Selain itu, lanjut dia, masih banyak tokoh yang lebih layak dibuatkan 'monumen' ketimbang tokoh fiktif Dilan. Contohnya saja Inggit Garnasih, Dewi Sartika dan tokoh lainnya.
"Dilan adalah tokoh fiktif yang tidak memberi kontribusi pada Bandung (Jawa Barat), masih ada tokoh-tokoh lain yang layak dibuatkan taman. Saya kira ini perbuatan yang lebay, termasuk Menteri (Pariwisata Arief Yahya) yang mendukungnya, lebay pula," ucapnya.
Matdon berharap, Emil bisa lebih merangkul tokoh, budayawan dan pihak lainnya dalam merumuskan sesuatu. Sehingga kebijakannya itu tidak menimbulkan polemik di masyarakat.
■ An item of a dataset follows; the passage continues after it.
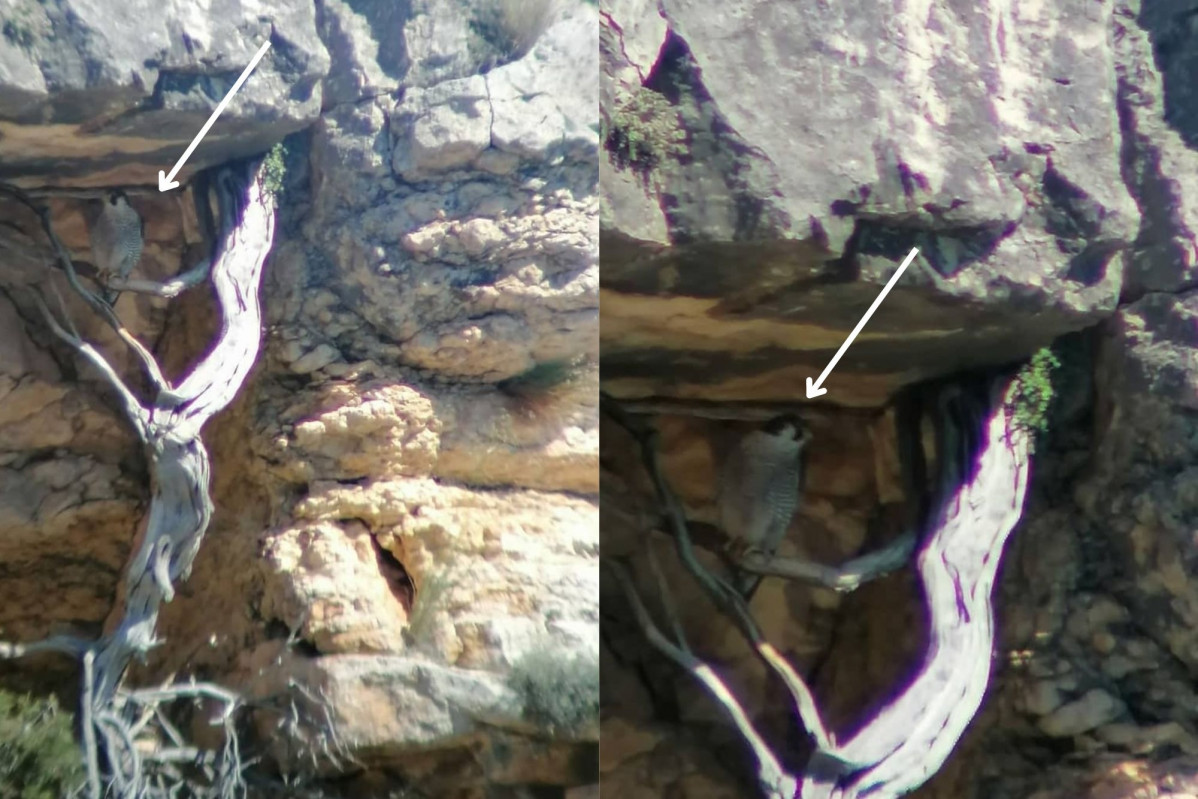 Halcón peregrino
"Sudah saatnya (gubernur) tidak mawa karep sorangan (semaunya sendiri). Musyawarah dengan orang berkompeten jika membuat sesuatu. Orang yang gagah adalah orang yang mampu menahan birahi kekuasaan. Mau gagah? Batalkan pembangunan Taman Dilan," tegasnya.
Sebelumnya saat peresmian Minggu (24/2/2019), Ridwan kamil mengatakan Dilan Corner nantinya akan menjadi ruang bagi milenial meningkatkan budaya literasi di Bandung. Seperti halnya kesuksesan novel Dilan yang diadaptasi menjadi sebuah film.
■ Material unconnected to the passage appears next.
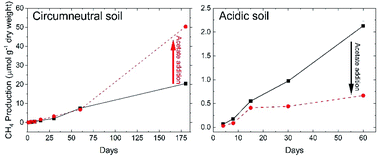 Graphical abstract: Anaerobic respiration pathways and response to increased substrate availability of Arctic wetland soils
"Jadi nanti tempat ini dipakai secara positif untuk membahas sastra, novel, mendiskusikannya seperti inspirasi film Dilan dikonversi menjadi film. Mudah-mudahan ingat Dilan, ingat kesuksesan literasi dan film," tutur dia.
Peresmian Dilan Corner juga dilakukan oleh Menteri Pariwisata Arief Yahya dan juga dihadiri para pemain Film Dilan 1991.